## Task brief
Please write out the lines of the data exactly, beginning with the first and ending with the line containing "La Junta destaca"; leave the pictures behind.

------ Data for analysis ------

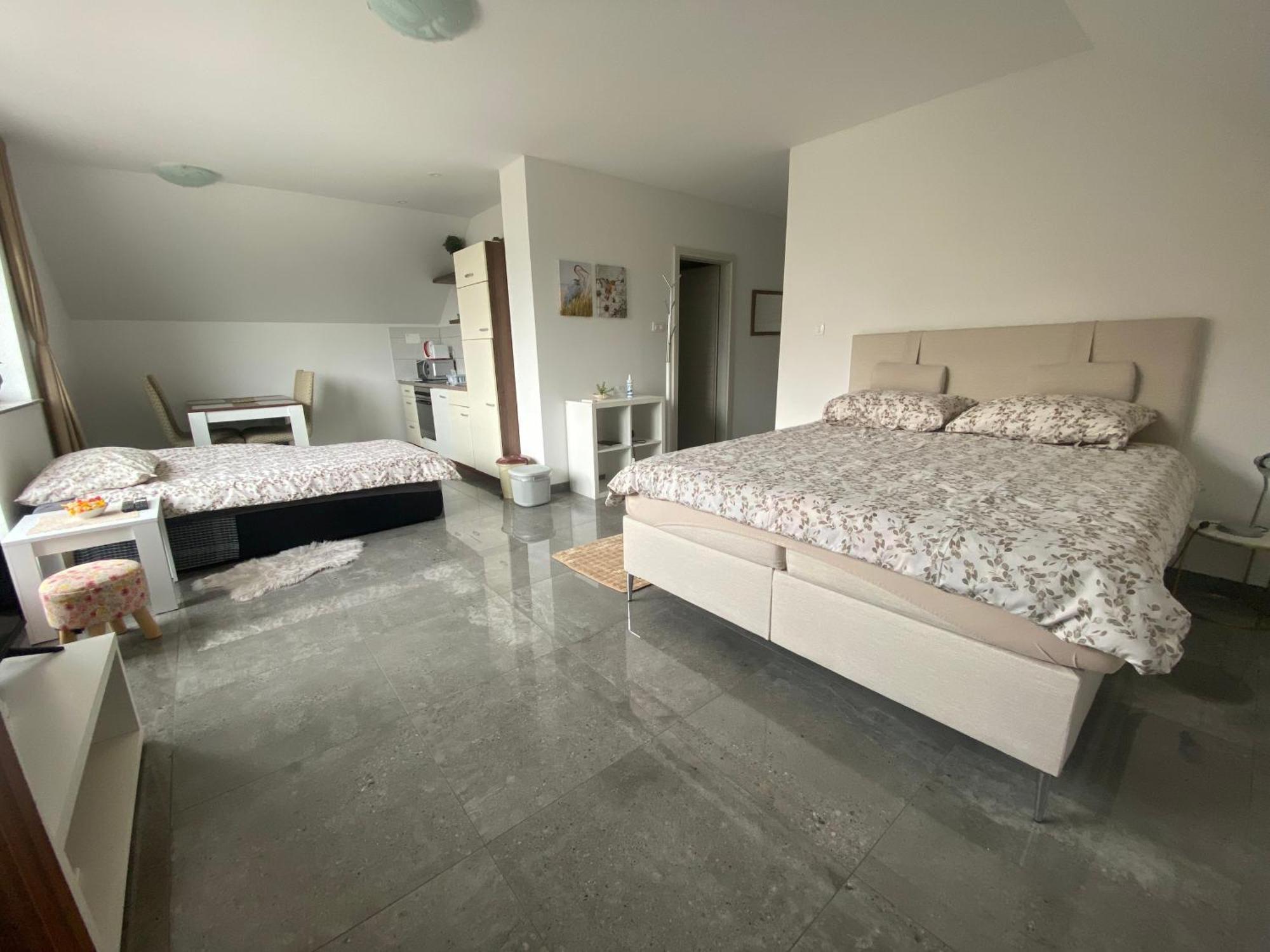 Apartma Azurre Postojna Exterior foto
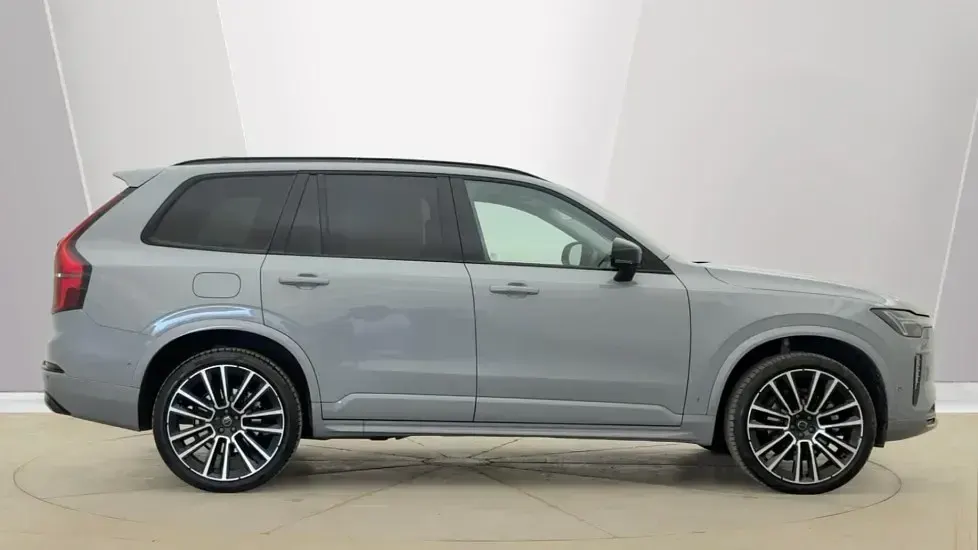 Usado Volvo XC90 Ultra 250 HP (183 kW) 2025 Cinzento SUV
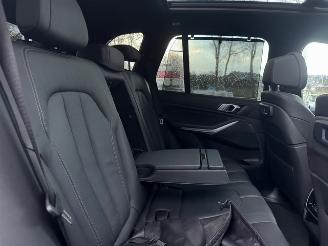 BMW X5 BMW X5 xDrive 45 e M Sport PANO|360|AHK|Massage|Luchtvering VOL !! picture 11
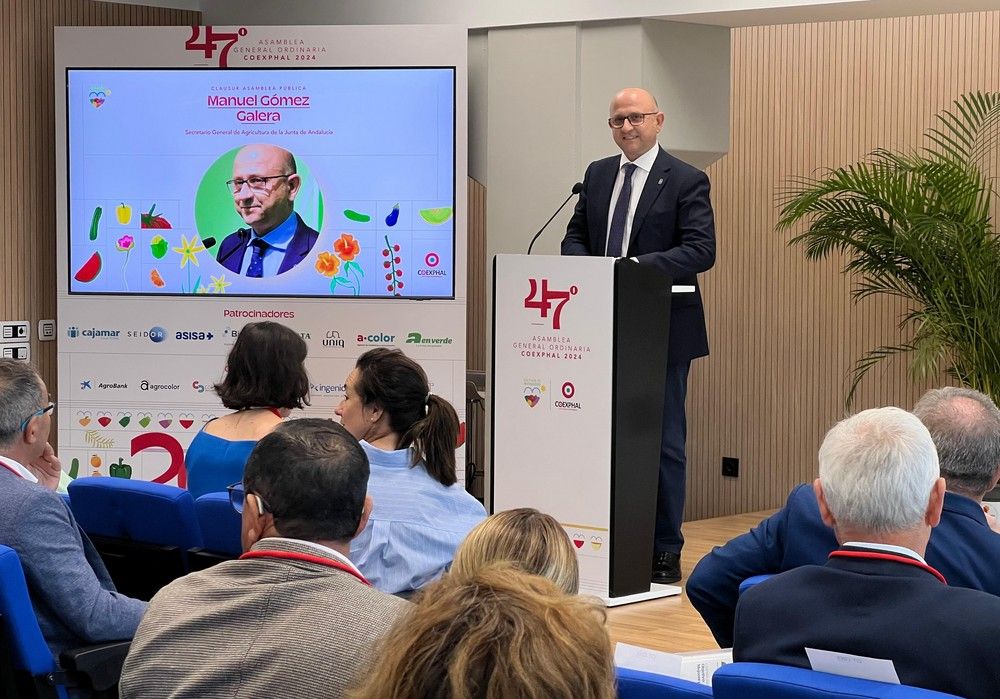 La Junta destaca el “músculo” de la agricultura e  industria auxiliar almerienses que generan 5.500 millones de €  anuales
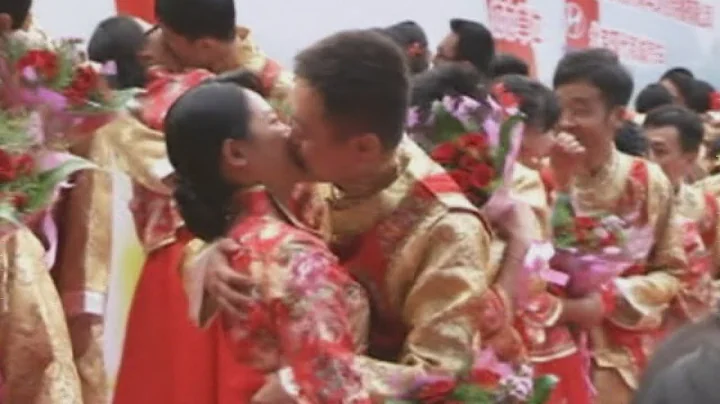 One hundred couples marry at mass wedding in China - DayDayNews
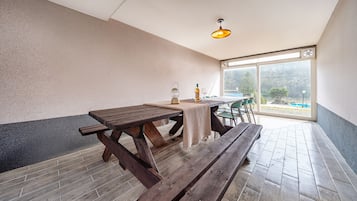 Quarto básico, 2 quartos (Haneul (New Building 2F/ BBQ)) | 1 quarto, Wi-Fi de cortesia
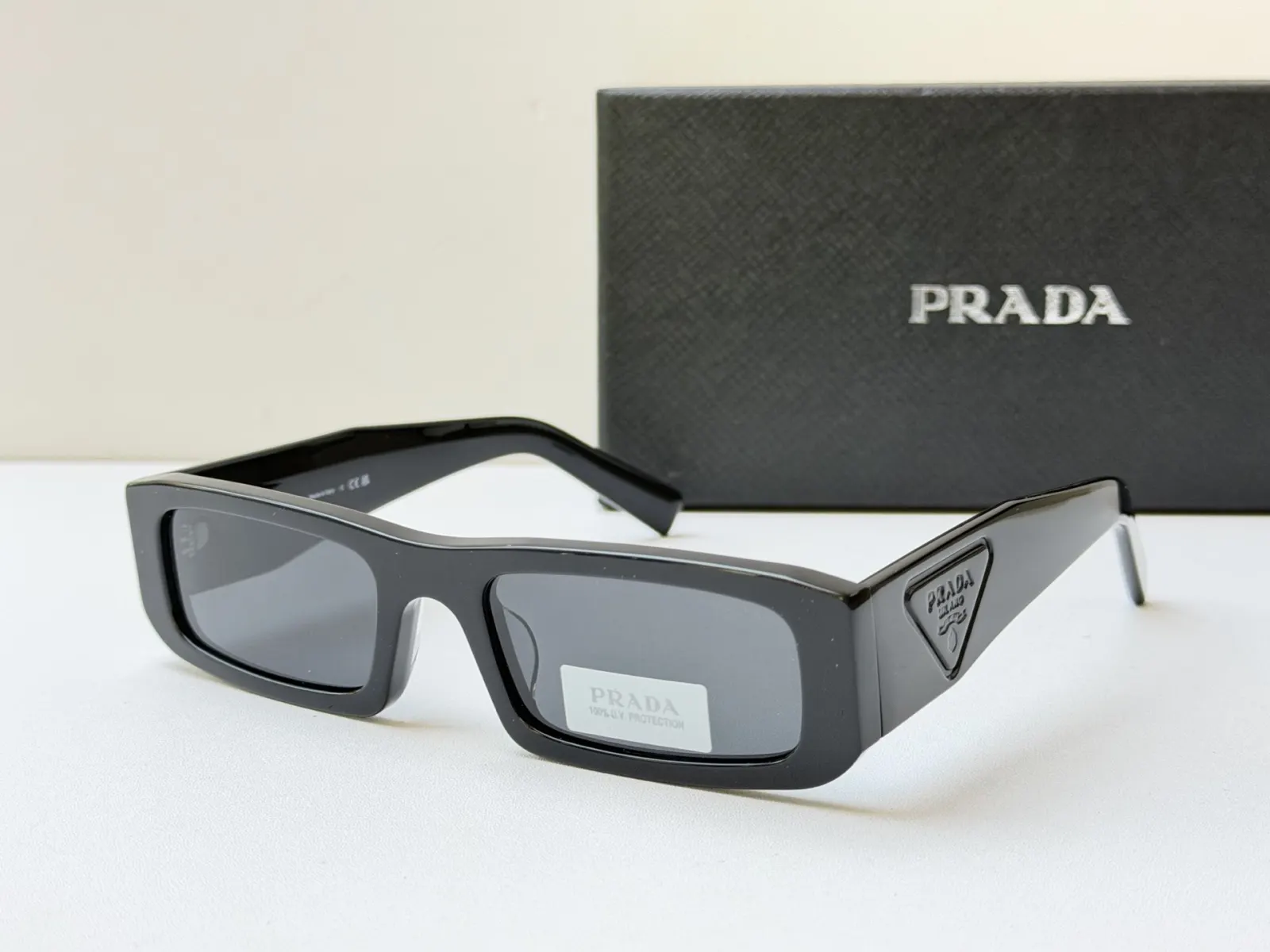 Prada 墨镜 时尚防晒款 款6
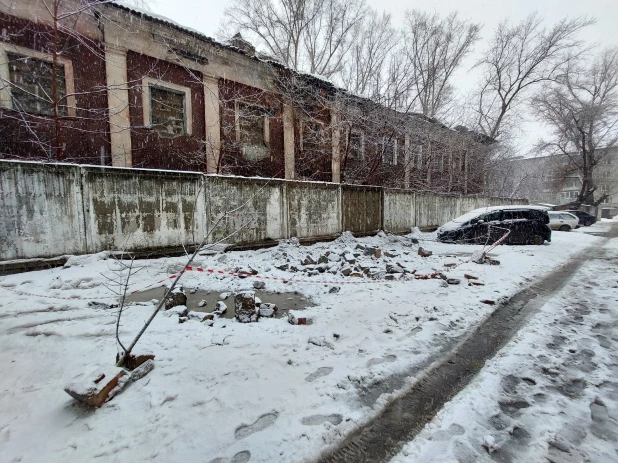 Шлакоблоки рухнули на парковку жилого дома в Барнауле

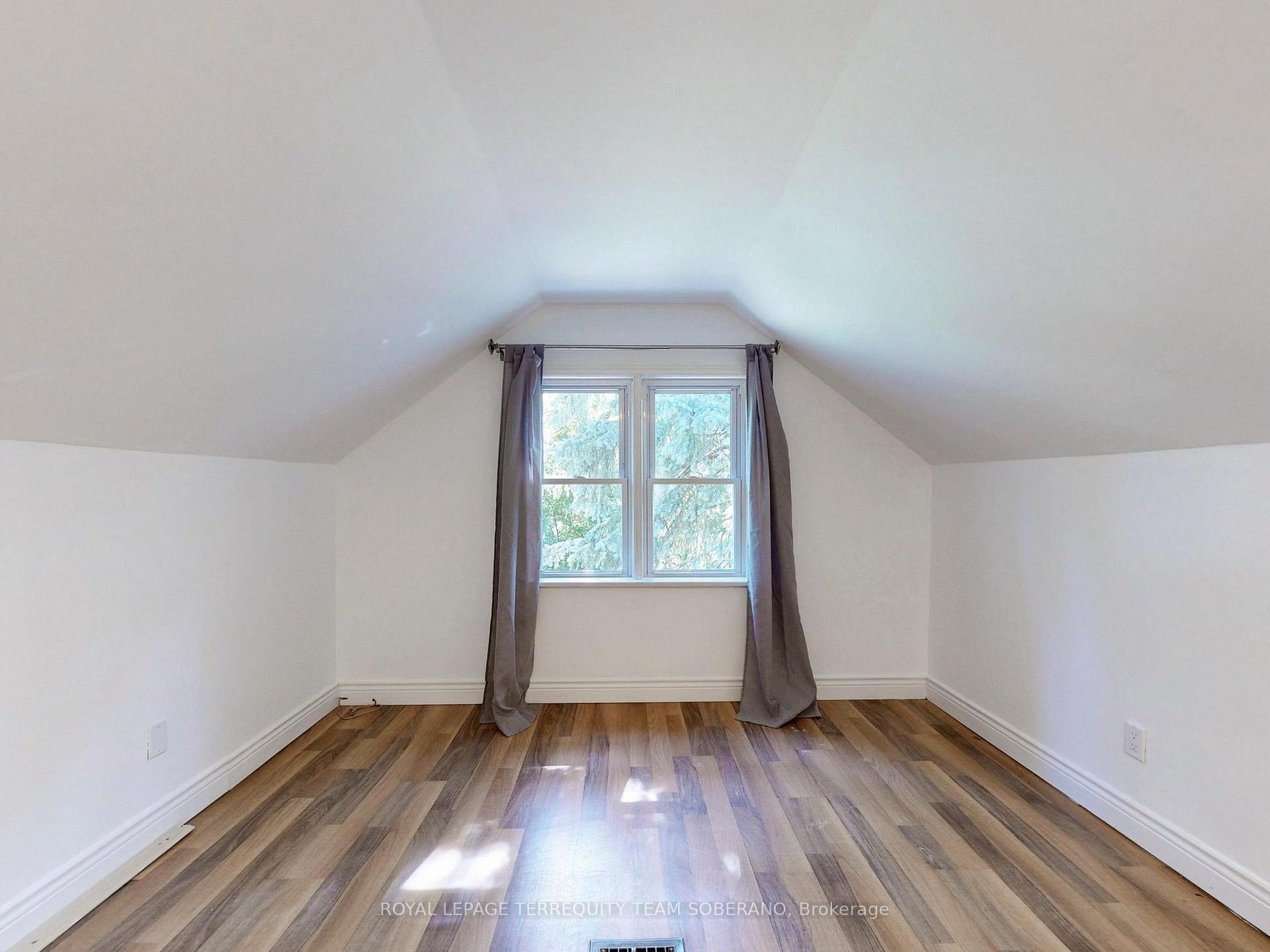 Photo 21 of 13 Roslin Avenue N, Waterloo, Downtown Waterloo — HOMEH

------

## Answer box
 Apartma Azurre Postojna Exterior foto
 Usado Volvo XC90 Ultra 250 HP (183 kW) 2025 Cinzento SUV
 BMW X5 BMW X5 xDrive 45 e M Sport PANO|360|AHK|Massage|Luchtvering VOL !! picture 11
 La Junta destaca el “músculo” de la agricultura e  industria auxiliar almerienses que generan 5.500 millones de €  anuales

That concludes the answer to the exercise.